Lawyers called the sale of the residency program a creative way to salvage value from a perennially money-losing hospital.

An attempt to sell Hahnemann as an operating hospital during a few weeks in June failed. That was just before Hahnemann came too close to running out of money to safely operate, leading to the decision to close, Allen Wilen, the chief restructuring officer for Hahnemann’s parent company, testified Wednesday.

“It has systematic problems and systematic losses and capex [capital expenditure] needs,” Wilen said, making it so “you can’t operate this hospital at a profit.”
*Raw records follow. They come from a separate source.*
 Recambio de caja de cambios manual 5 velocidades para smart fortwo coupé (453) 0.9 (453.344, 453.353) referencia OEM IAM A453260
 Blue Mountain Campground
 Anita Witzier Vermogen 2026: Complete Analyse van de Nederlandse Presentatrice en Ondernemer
Since then, two companies, KPC Group and SBJ Group, which say they would like a chance to bid on Hahnemann as a going concern, have tried to insert themselves in the process. KPC, from California, even said during Wednesday’s hearing that it would be willing to pay $60 million for the residency program alone, with the intention of reopening the hospital.

“We’re here because we think we can provide a better outcome,” a lawyer for KPC said.

Gross said it was too late: “The auction closed.”

A separate auction for St. Christopher’s is scheduled for Sept. 18. Potential bidders for the North Philadelphia safety-net hospital include a team of Tower Health and Drexel University and a consortium comprised of Einstein Healthcare Network, Jefferson Health, Philadelphia College of Osteopathic Medicine, and Temple University Health System.